Value vs. Hourly Pricing
Price 100% based on the client and the client’s needs. Always use value-based pricing even if you know it only takes an hour an hour to complete the project. Never have public pricing info except for minimum engagements.
Exposure Bucks and “Future Work”
Never give discounts based on vague promises of future work because 90% of the time; it’s just a trick to get you to go lower. The only exception is to:
- Have firm long term contracts.
- Charge full price plus some on the first and offer a lower price on future engagements.
When negotiating round numbers ($20) means I’m open to another offer. Exact numbers ($19.53) indicates that’s my final offer.
Never take an opening offer seriously because experienced negotiators always start with an exaggerated anchor to throw their counterpart off guard. No one ever shows all their cards as soon as they come to the table. They are typically hiding three pieces of information that, if known by you, would completely change the negotiation. Spend the time to figure out what the real reasons for the project and value it will bring then use that to play the game. When negotiating round numbers ($20) means I’m open to another offer. Exact numbers ($19.53) indicates that’s my final offer.
Make a Profit!
Another thing to remember is that you need to make a profit.
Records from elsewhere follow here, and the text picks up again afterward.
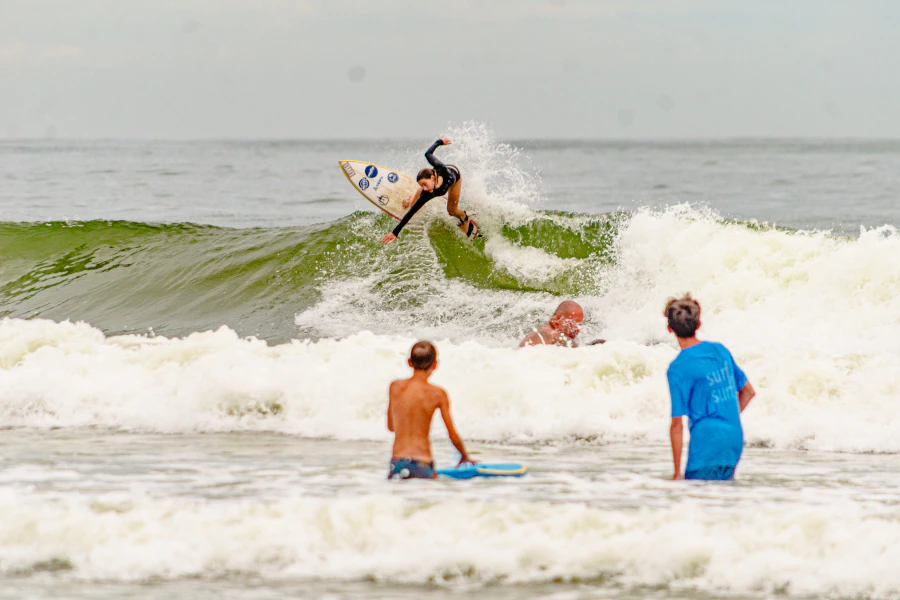 Ana Aguiar executando manobra de surf em onda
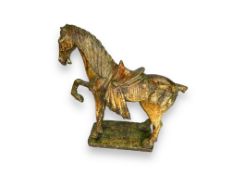 A Chinese Tang style green painted plaster horse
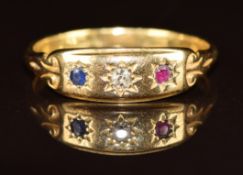 An 18ct gold ring set with a diamond, sapphire and ruby, all in star settings, 3.1g, size R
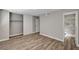 This bedroom features wood floors, a closet, and an ensuite bathroom at 4387 Sun Vista Dr, Las Vegas, NV 89104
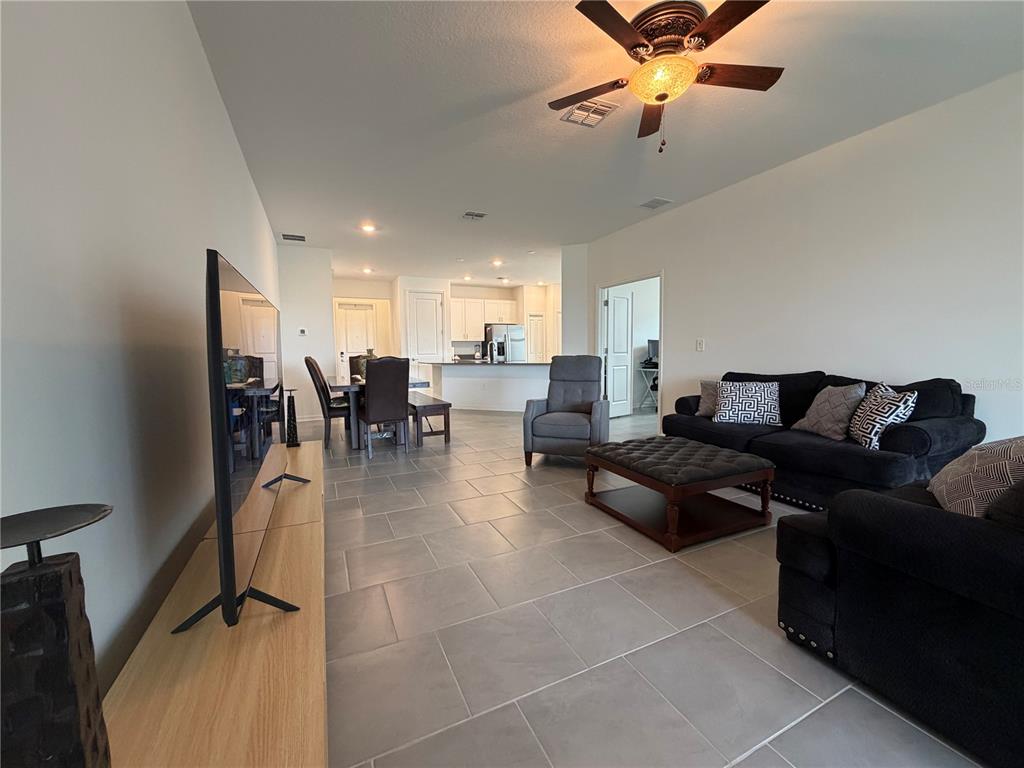A living room with tile flooring, a black sofa, and an open kitchen in the background — 652 GROVE STREET, WINTER HAVEN, FL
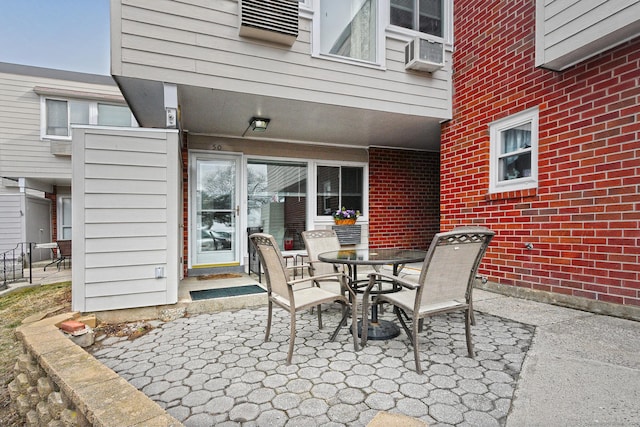 view of patio / terrace with outdoor dining area and cooling unit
Figure up all your expenses and add a profit margin based on experience. Many clients undervalue you because they are used to paying employees. It may be perfectly acceptable to pay a web designer employee $25/h, but for a freelancer, they’d need to pay $50/h to cover their extra expenses. There is a high cost of doing business as a freelancer and additional taxes that are typically covered by your employer.
Take Advantage Of Your Time
It doesn’t matter if your family is starving, and you’re about to be kicked out of your house. Never signal to your opponent that you want the deal to close.
Never let time work against you. When time is against you, you make compromises. It doesn’t matter if your family is starving, and you’re about to be kicked out of your house. Never signal to your opponent that you want the deal to close. NEVER. As a freelancer, you have an advantage because, more than likely, the client wants the job done by a specific date. You can use that to help close the deal faster.
“You need to lower your prices.” – Client
As long as you’re still in business, you can never be overpriced or overvaluing yourself. There’s plenty of people charging $5 for a logo and plenty changing 5 million. The difference isn’t the amount of time spent or tools used but the amount of value and brand security. You are not for everyone. Find your tribe and focus on offering the best service possible to your tribe of people. When the client truly values your work, they’ll pay for it. (Thank you founding fathers for making the USA a free market nation!)
Your First Project
There are lots of variables involved, so for your first project, I’d recommend asking them to make the first offer and going from there. You won’t be able to charge the same as someone just as good as you that has an extensive client list and portfolio. Your first few projects will be less than what you’re worth, so expect that and take it as an opportunity for building your portfolio.